Exercise aim
Give back the lines of the entries below exactly as written, from the first line to the line holding "rin / Loose Henley Neck L/S Tee SUMI BEI", both included, with the pictures omitted.

Information supplied
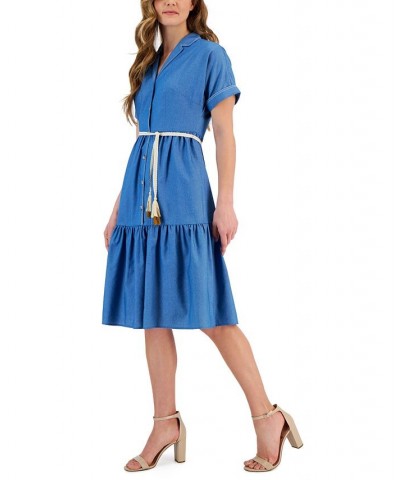 Women's Rope-Belt Short-Sleeve Shirtdress Medium Denim $68.37 Dresses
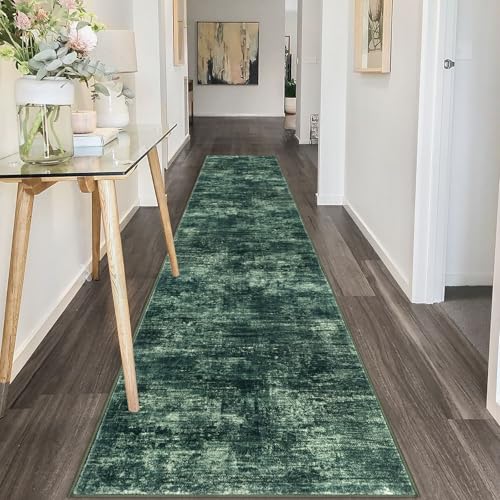 Abstract Runner Rug 2x10 Ft Washable Runners for Hallways (Dark Green / 2' x 10' (Rectangular))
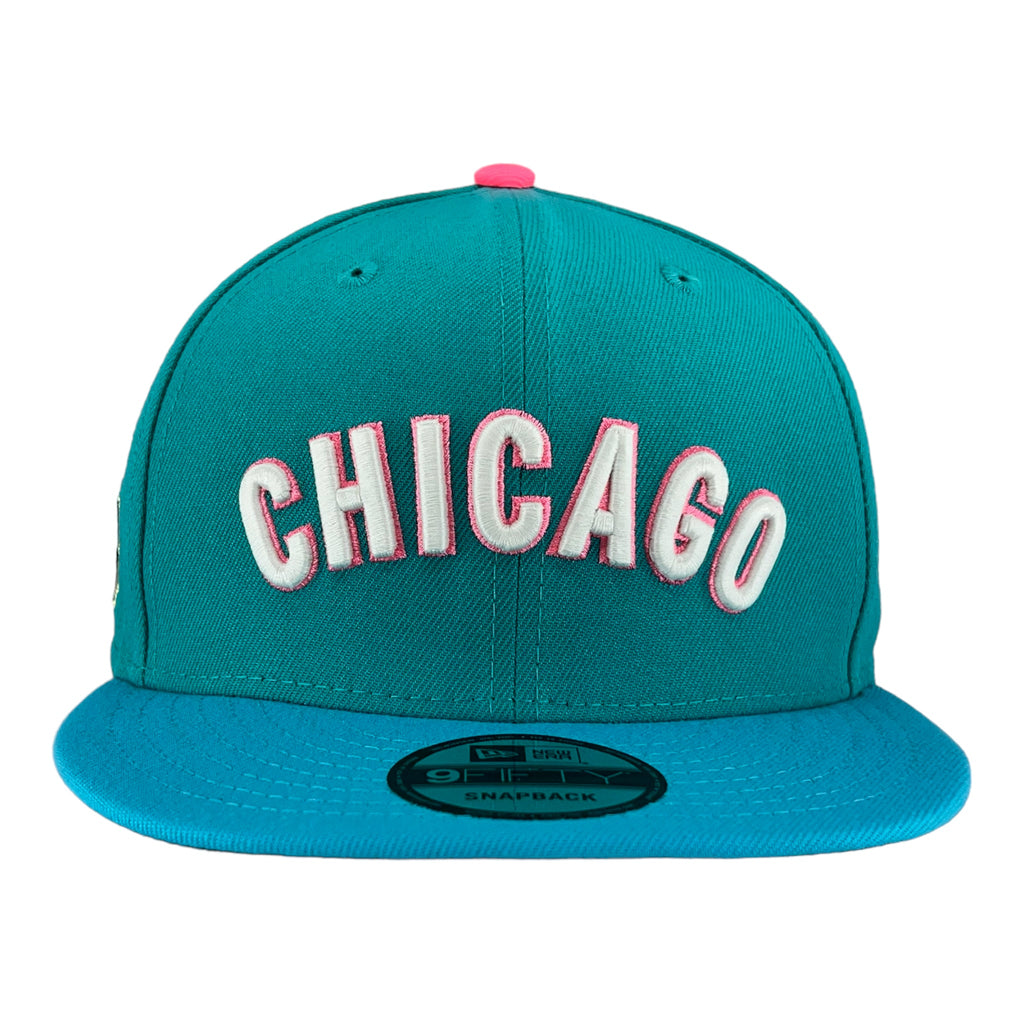 Chicago Cubs Teal/Pink New Era Low Profile 9FIFTY Snapback Hat product image 2, provided for visual reference and product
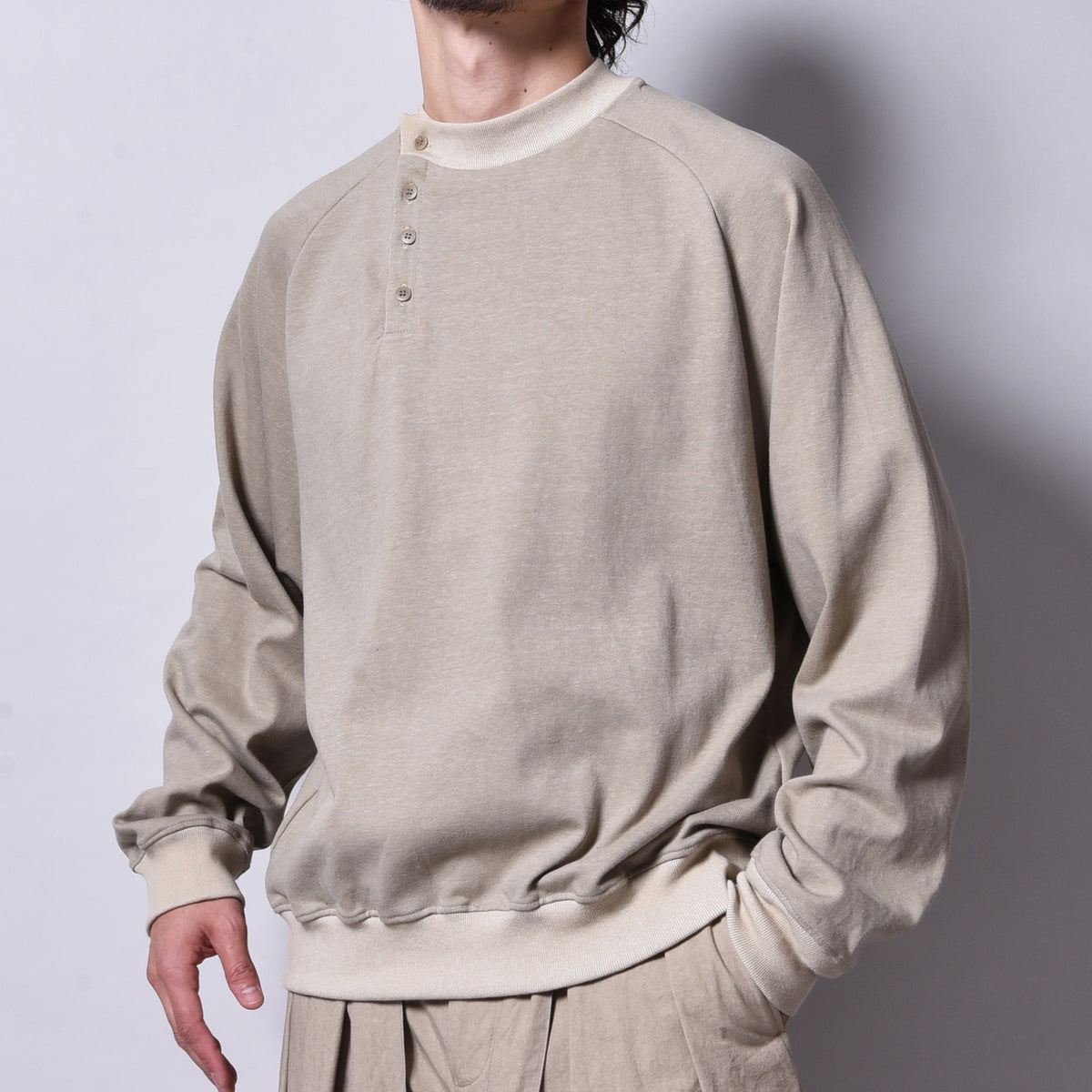 rin / Loose Henley Neck L/S Tee SUMI BEI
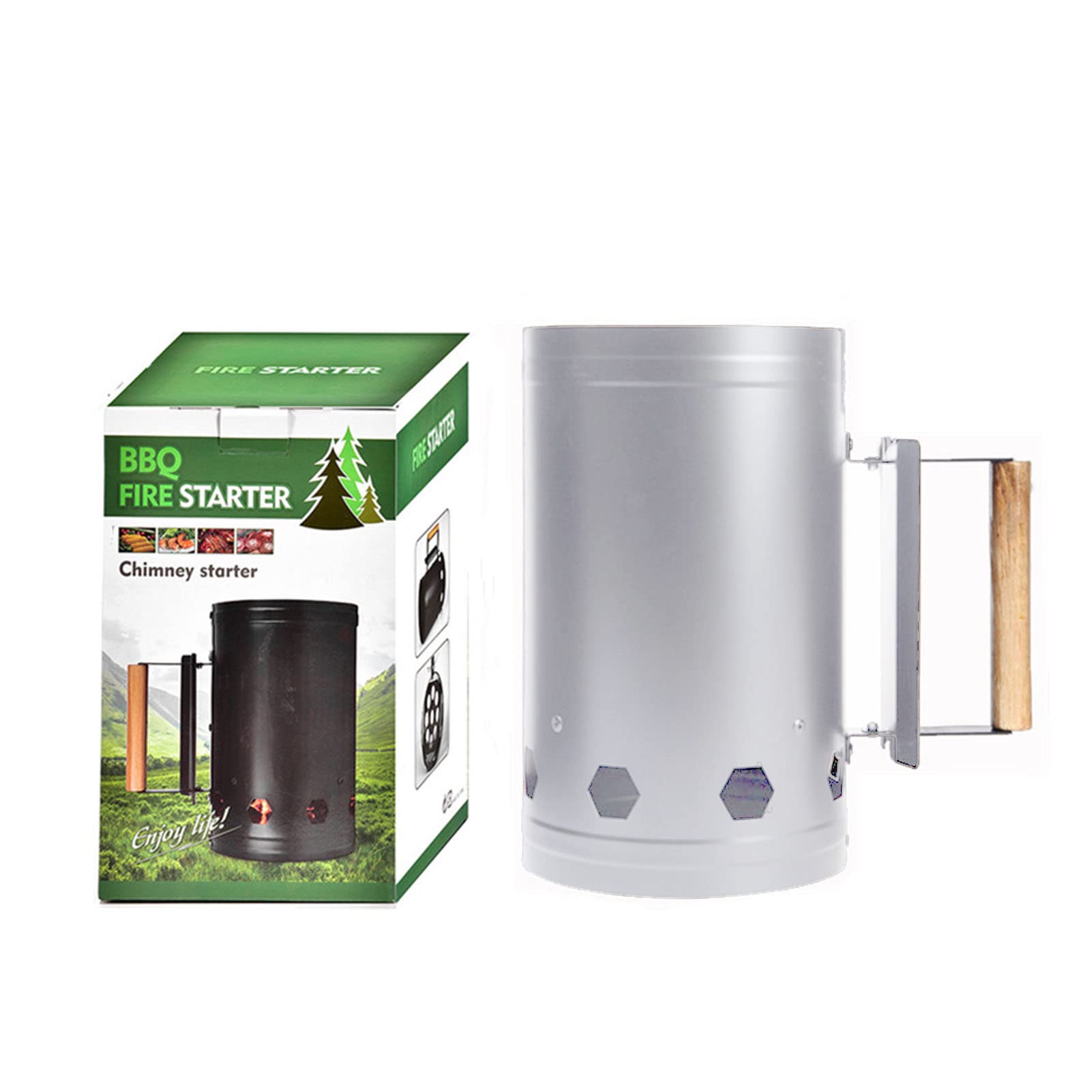 Stainless Steel Charcoal Chimney Starter Heat Resistant Starter Accessory for Outdoor Cooking BBQ and Camping (White)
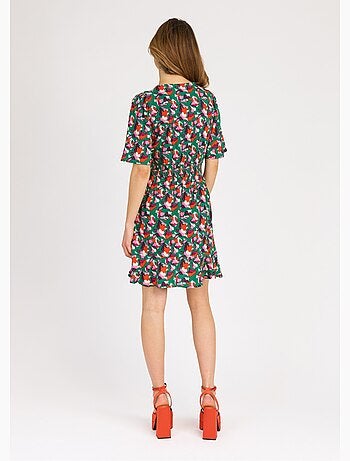 Vestido corto estampado con cintura elástica - AFIBEL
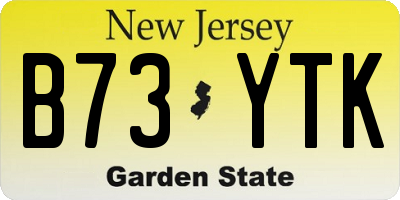 NJ license plate B73YTK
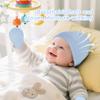 Zando Baby Hats and Mittens Infant Beanie Caps 4-Pack Dark Blue/Sky Blue/Grey/White Newborn Hospital Hat Essentials Must Haves Warm Knit Beanie Safety Anti-Scratch Gloves for Baby Boys Girls 0-6M view 4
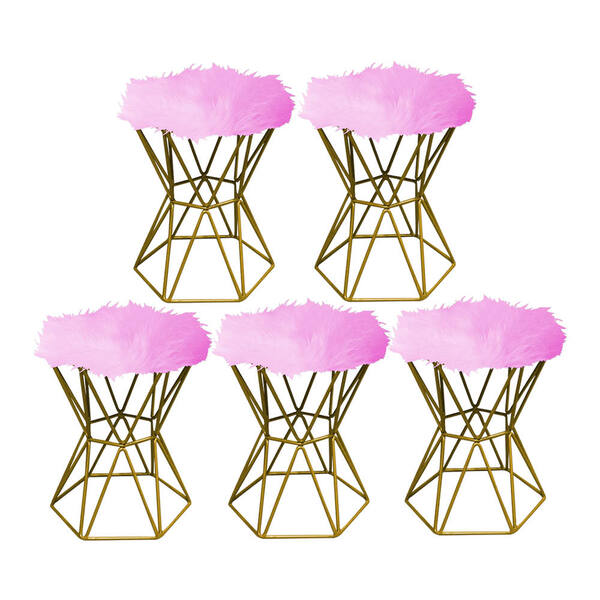 Kit 05 Puff Banqueta Louis Aramado Hexágono Para Penteadeira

Problem solution
 Women's Rope-Belt Short-Sleeve Shirtdress Medium Denim $68.37 Dresses
 Abstract Runner Rug 2x10 Ft Washable Runners for Hallways (Dark Green / 2' x 10' (Rectangular))
 Chicago Cubs Teal/Pink New Era Low Profile 9FIFTY Snapback Hat product image 2, provided for visual reference and product
 rin / Loose Henley Neck L/S Tee SUMI BEI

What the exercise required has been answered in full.